# [What this task involves]
Would you please return the lines of the entries below starting at the line that has "양종희 KB금융 회장" and ending at the line that has "처음 읽는 돈의 세계사", both included, exactly as they are?

# [Records for the task]
++++++++
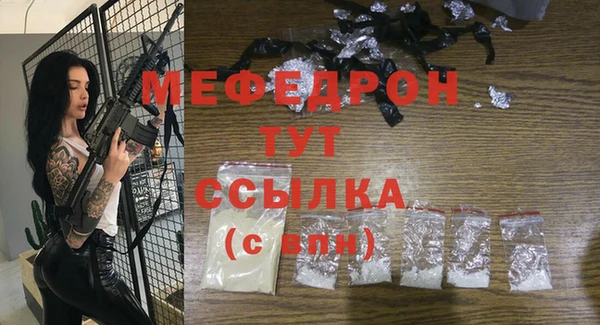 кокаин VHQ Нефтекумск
++++++++
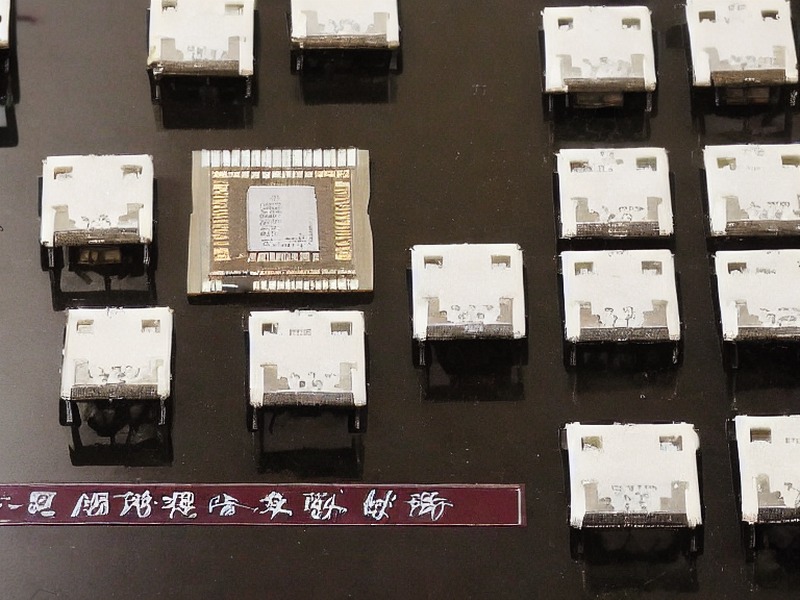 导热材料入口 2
++++++++
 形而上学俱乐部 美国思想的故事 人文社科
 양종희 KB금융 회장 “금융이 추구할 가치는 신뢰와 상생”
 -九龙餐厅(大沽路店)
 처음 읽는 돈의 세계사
++++++++
# [The answer]
 양종희 KB금융 회장 “금융이 추구할 가치는 신뢰와 상생”
 -九龙餐厅(大沽路店)
 처음 읽는 돈의 세계사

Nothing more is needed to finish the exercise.